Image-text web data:
----------------

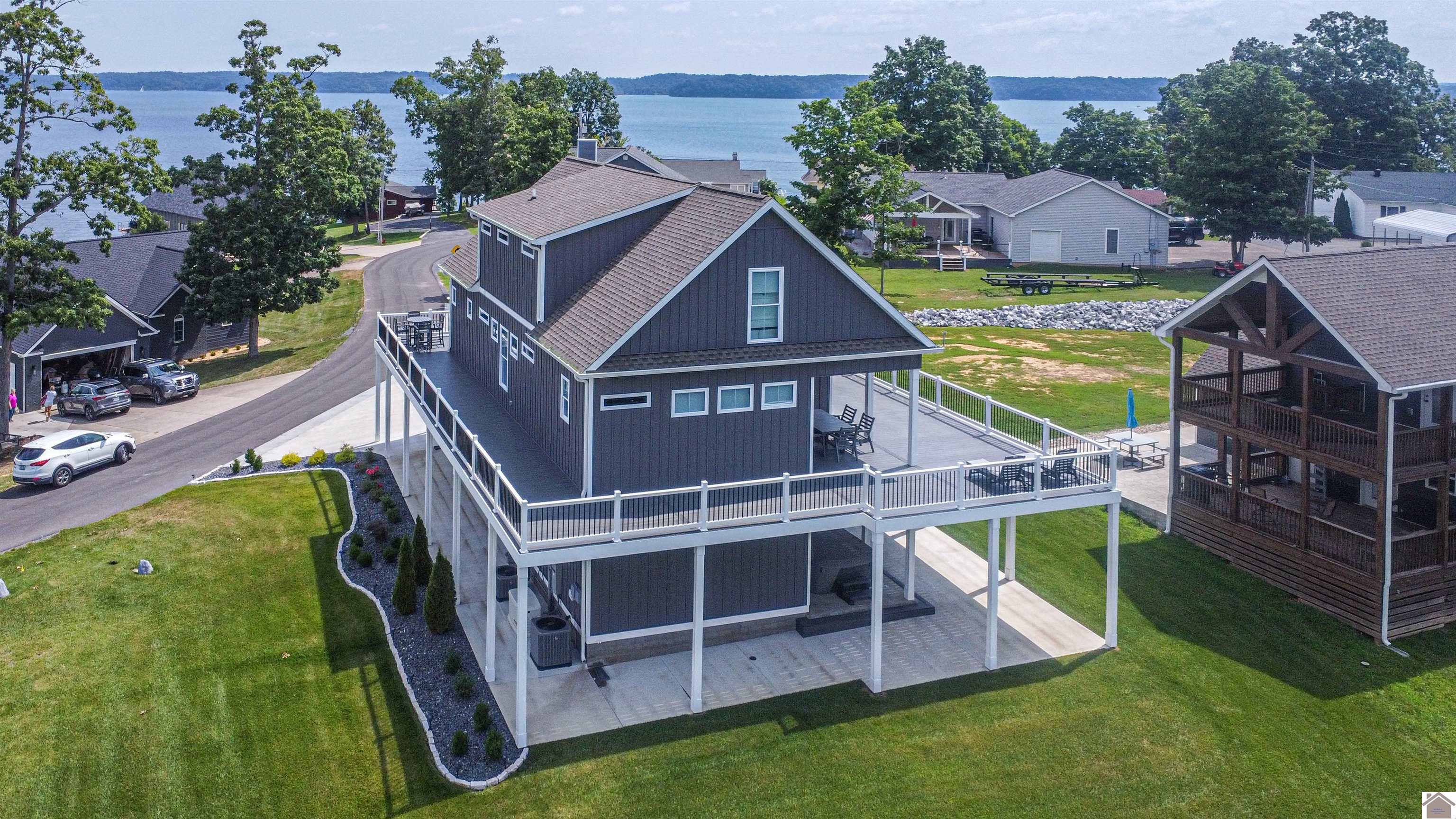 369 Sherwood Drive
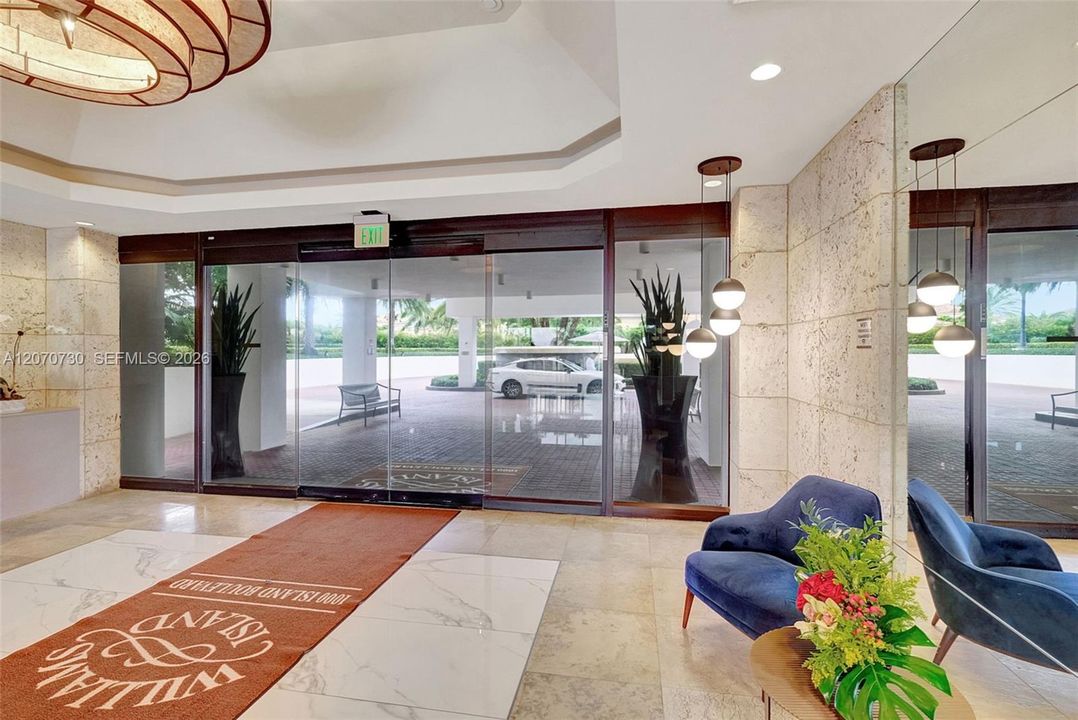 For Sale: $499,000 (2 beds, 2 baths, 1300 Square Feet)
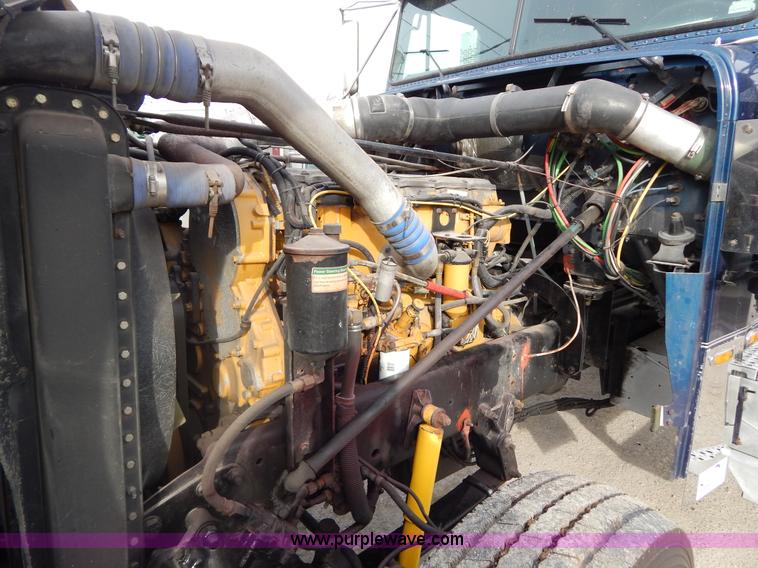 image for item I1198 2000 Freightliner FLD120 semi truck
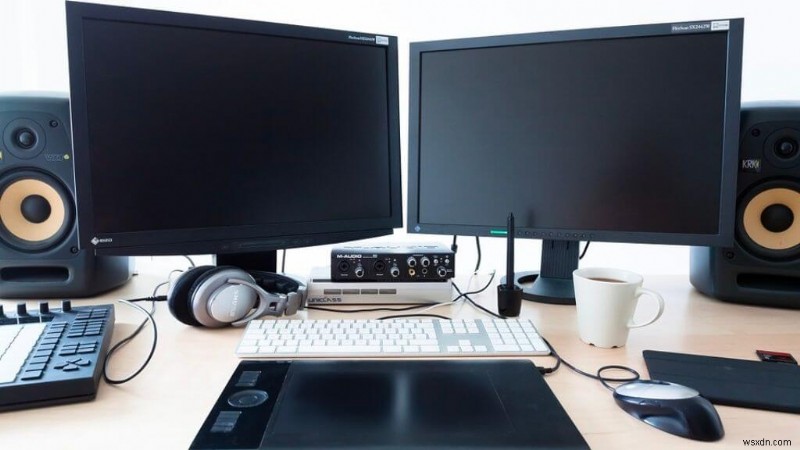 Understanding Laptop Docking Stations: Benefits, Features, and How They Transform Your Workspace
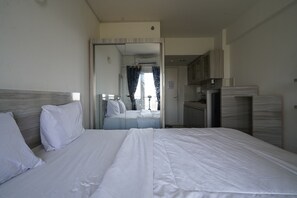 1 bedroom, free WiFi, bed sheets - Capital O 93959 Apartement Gateway Cicadas By MG Property (Bandung)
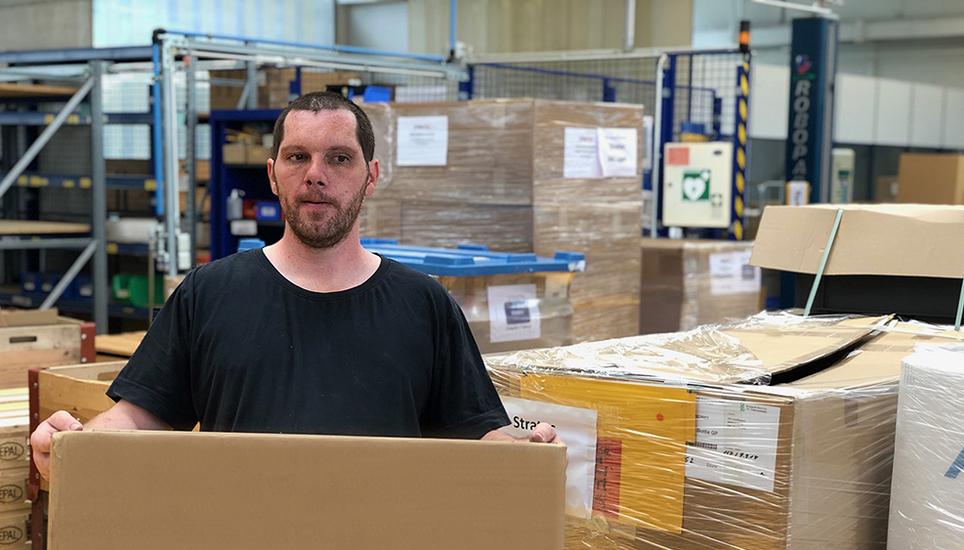 Auch altra-Mitarbeiter Thomas Brandolini legt beim Umzug ins Neuhauser SIG-Areal tatkräftig Hand an. Bilder: Sven Stückmann/Rolf Fehlmann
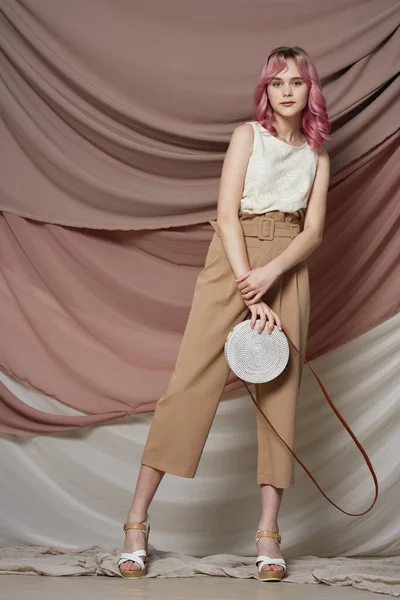 Bela mulher rosa cabelo decoração verão estilo moda — Fotografia de Stock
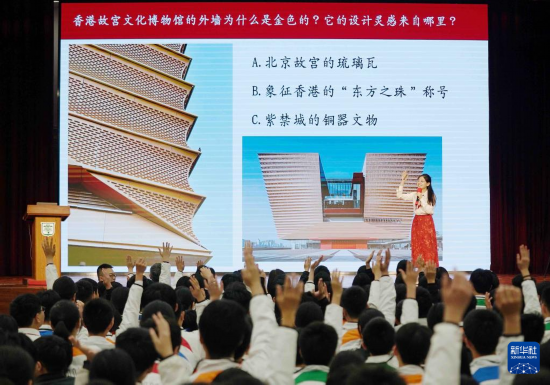   4月9日，在香港培僑中學(xué)，北京人大附中分校教師高維陽在活動上提出活躍氣氛的問題，學(xué)生踴躍舉手回答。新華社發(fā)（王申攝）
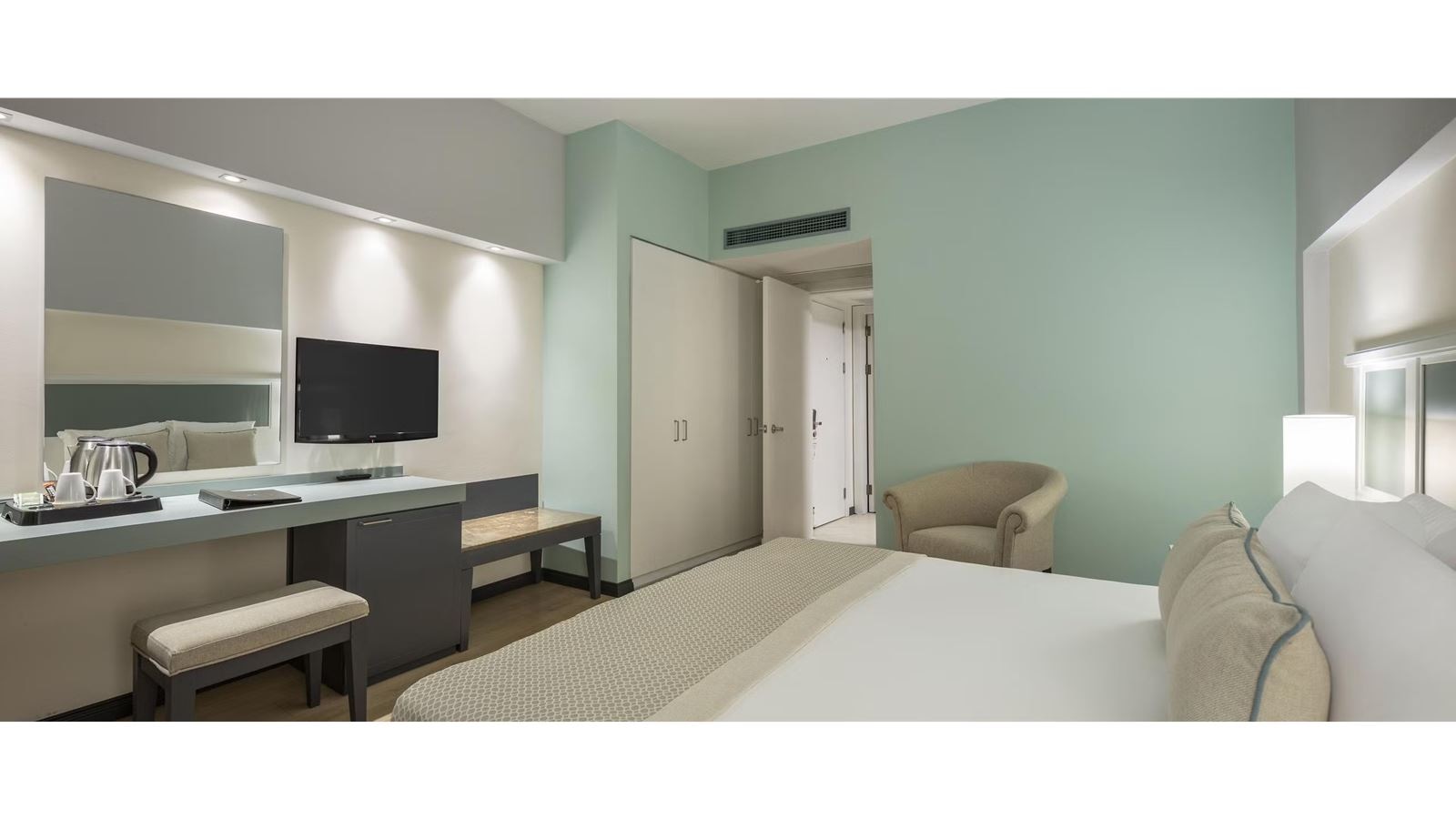 rooms-standard-room-side-sea-view-with-balcony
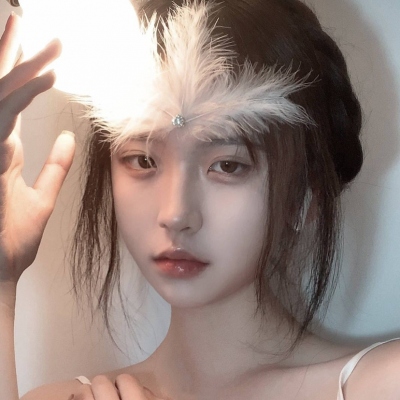 江山陪游女孩高挑空姐那娜蘭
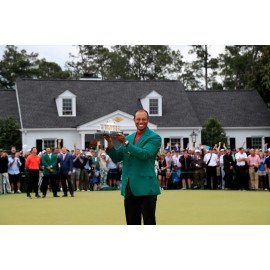 Masters  PGA SUPERSTAR TIGER WOODS WINS 2019 MASTERS  8X10 PHOTO W/BORDERS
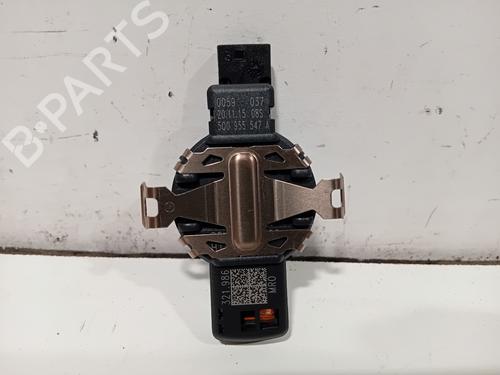 Electronic sensor VW PASSAT B8 Variant (3G5, CB5) 1.4 GTE Hybrid | BP39503486M84 - Image 3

----------------

- _BRIEF_: Set down exactly, with no additions, each line from the line that includes "image for item" to the final line of the entries above; leave pictures out.

- _YOUR SOLUTION_:
 image for item I1198 2000 Freightliner FLD120 semi truck
 Understanding Laptop Docking Stations: Benefits, Features, and How They Transform Your Workspace
 1 bedroom, free WiFi, bed sheets - Capital O 93959 Apartement Gateway Cicadas By MG Property (Bandung)
 Auch altra-Mitarbeiter Thomas Brandolini legt beim Umzug ins Neuhauser SIG-Areal tatkräftig Hand an. Bilder: Sven Stückmann/Rolf Fehlmann
 Bela mulher rosa cabelo decoração verão estilo moda — Fotografia de Stock
   4月9日，在香港培僑中學(xué)，北京人大附中分校教師高維陽在活動上提出活躍氣氛的問題，學(xué)生踴躍舉手回答。新華社發(fā)（王申攝）
 rooms-standard-room-side-sea-view-with-balcony
 江山陪游女孩高挑空姐那娜蘭
 Masters  PGA SUPERSTAR TIGER WOODS WINS 2019 MASTERS  8X10 PHOTO W/BORDERS
 Electronic sensor VW PASSAT B8 Variant (3G5, CB5) 1.4 GTE Hybrid | BP39503486M84 - Image 3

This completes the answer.